Instructions to follow → Output all entries verbatim. Skip pictures.

Material shown →
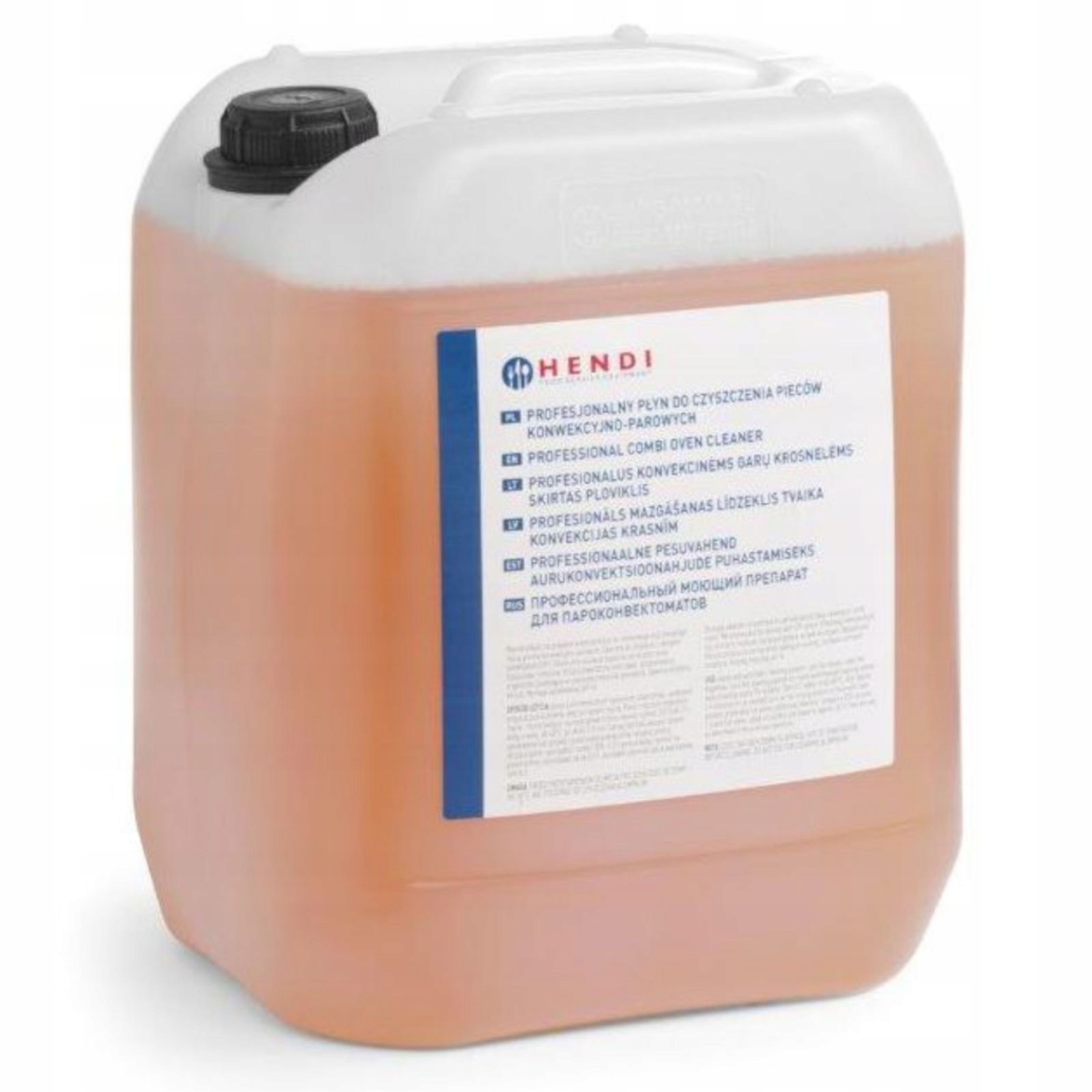 Levně Kapalina na mytí a čištění konvekční parní trouby 10L Hendi 231388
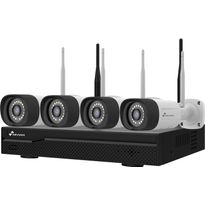 Valvontakamerapaketti Celotron Nivian Professional, 4x3MP kameraa, 16 kanavaa, langaton, yönäkö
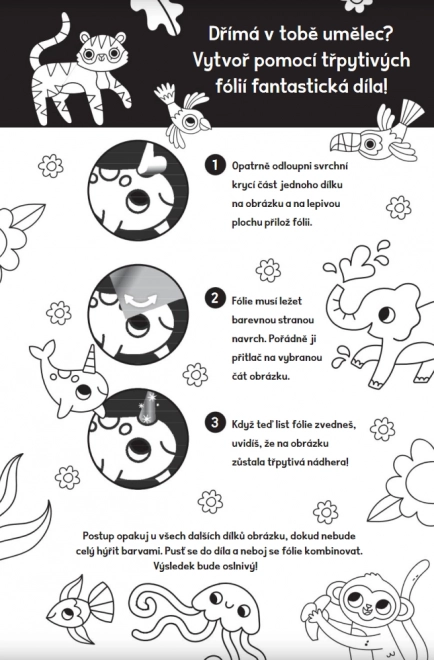 Pikola Sparkly Animals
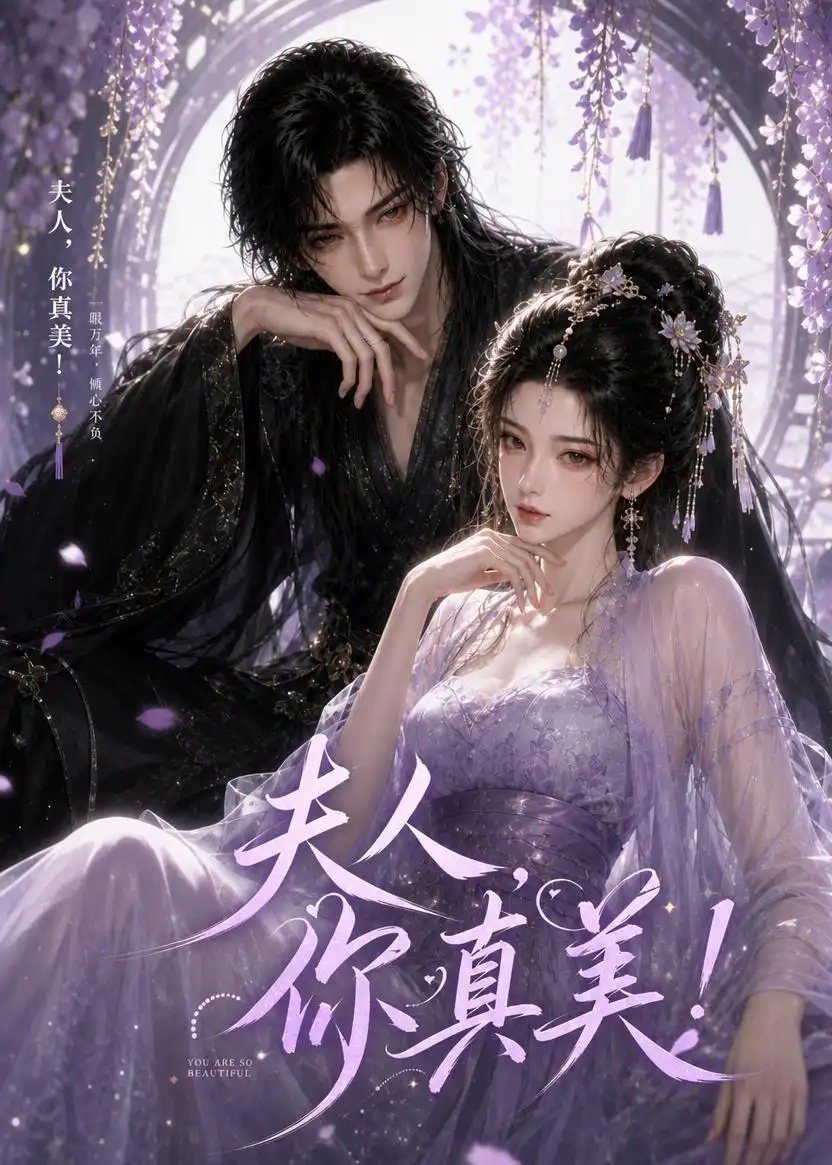 《夫人，你真美！&夫人你真美（80集）AI短剧》短剧全集免费在线看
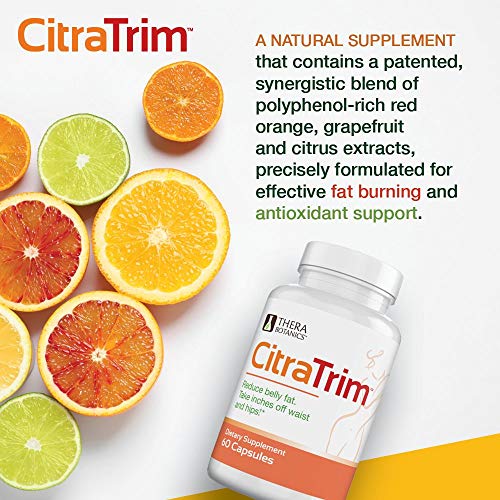 Thera Botanics CitraTrim Weight Loss Supplement, 60 capsules Therabotanics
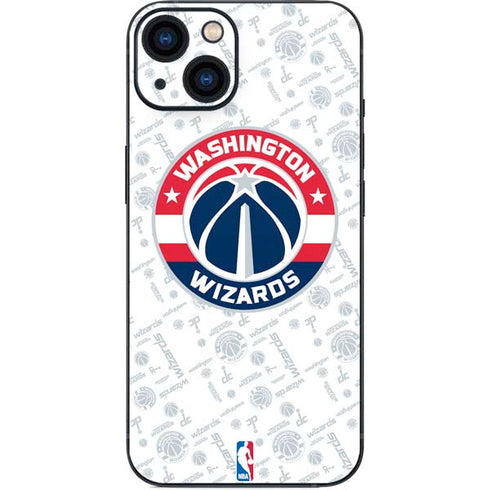 NBA Washington Wizards Blast iPhone 14 Skin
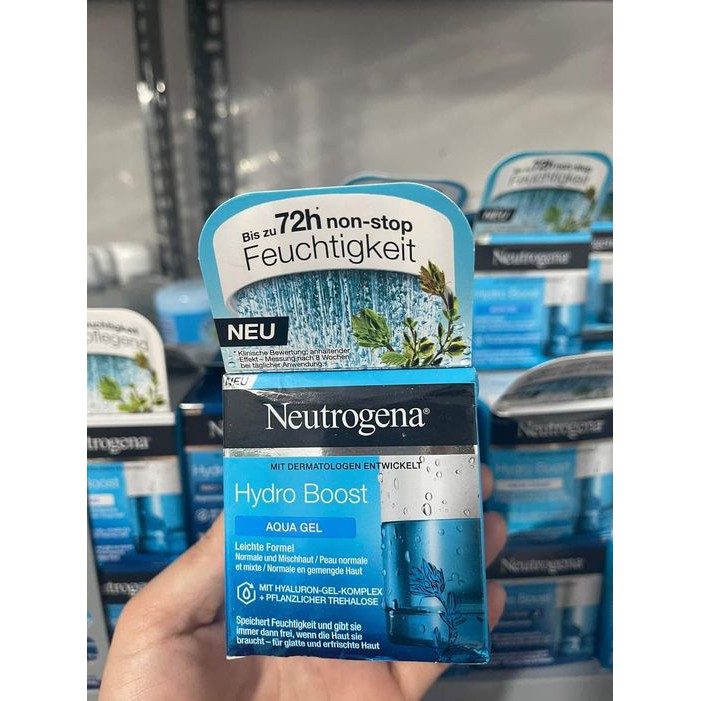 KEM DƯỠNG ẨM NEUTROGENA_ DƯỠNG DA HOÀN HẢO CHO DA DẦU,HỖN HỢP DẦU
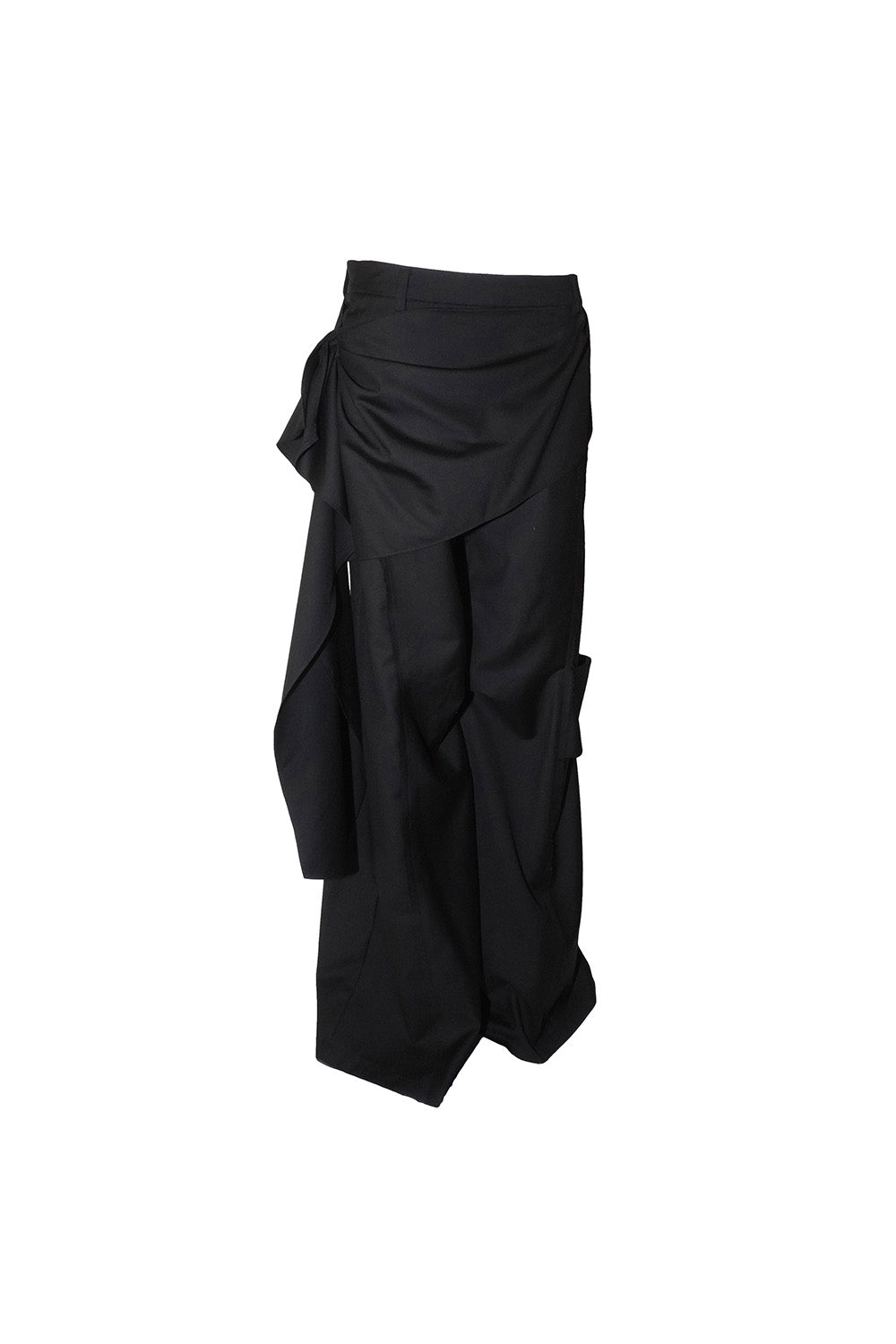 S drape tail pants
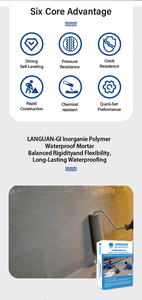 Mortero Impermeable a Base de Cemento G1 <span class=keywords><strong>para</strong></span> Nivelación de Pisos y Construcción Industrial de Alta Resistencia - Product Image 3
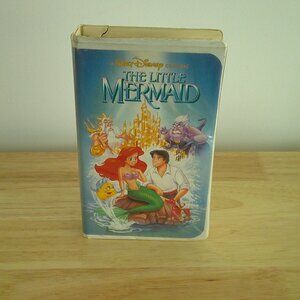The Little Mermaid VHS Black Diamond Banned Cover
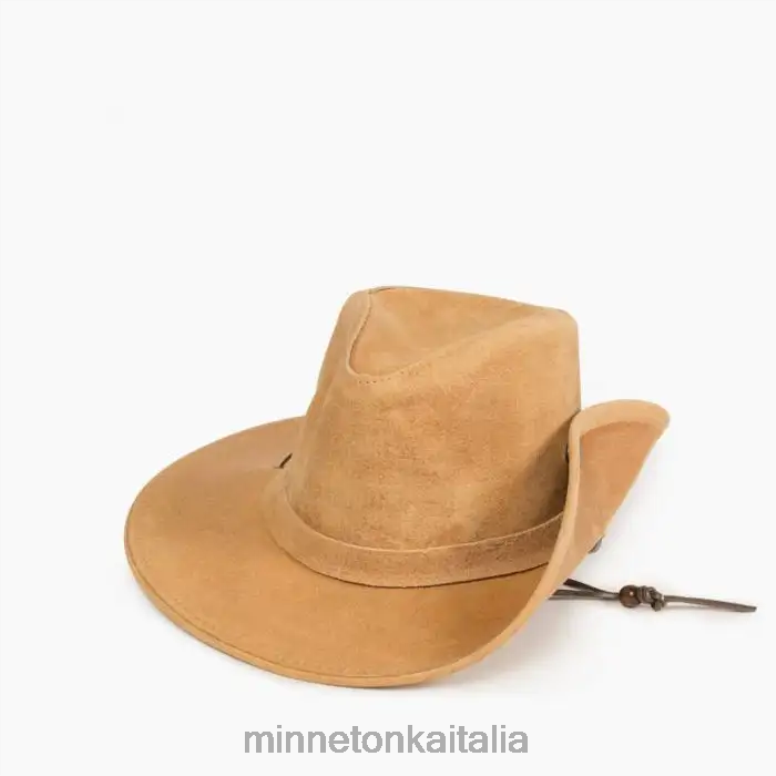 Minnetonka cappello australiano unisex abbronzatura Accessori R864L525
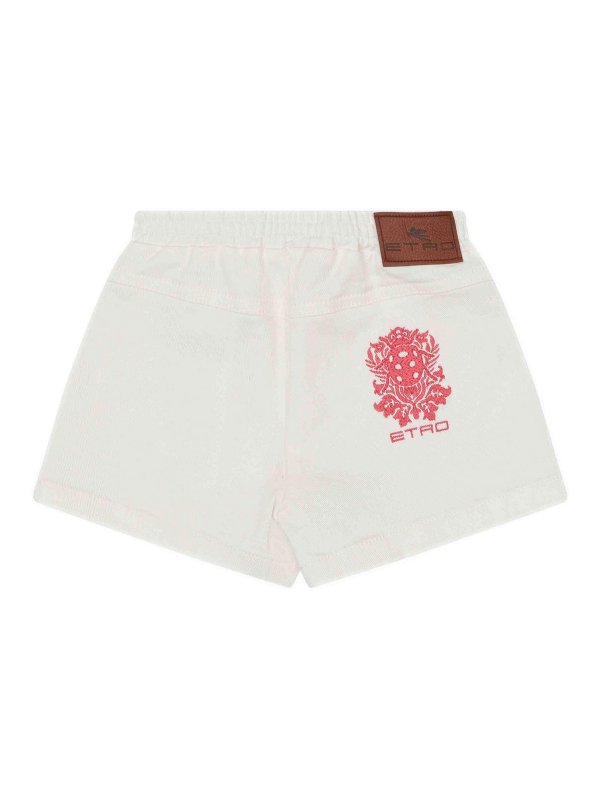 ETRO: Shorts online - Short - Crème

The completed task →
 Levně Kapalina na mytí a čištění konvekční parní trouby 10L Hendi 231388
 Valvontakamerapaketti Celotron Nivian Professional, 4x3MP kameraa, 16 kanavaa, langaton, yönäkö
 Pikola Sparkly Animals
 《夫人，你真美！&夫人你真美（80集）AI短剧》短剧全集免费在线看
 Thera Botanics CitraTrim Weight Loss Supplement, 60 capsules Therabotanics
 NBA Washington Wizards Blast iPhone 14 Skin
 KEM DƯỠNG ẨM NEUTROGENA_ DƯỠNG DA HOÀN HẢO CHO DA DẦU,HỖN HỢP DẦU
 S drape tail pants
 Mortero Impermeable a Base de Cemento G1 <span class=keywords><strong>para</strong></span> Nivelación de Pisos y Construcción Industrial de Alta Resistencia - Product Image 3
The Little Mermaid VHS Black Diamond Banned Cover
 Minnetonka cappello australiano unisex abbronzatura Accessori R864L525
 ETRO: Shorts online - Short - Crème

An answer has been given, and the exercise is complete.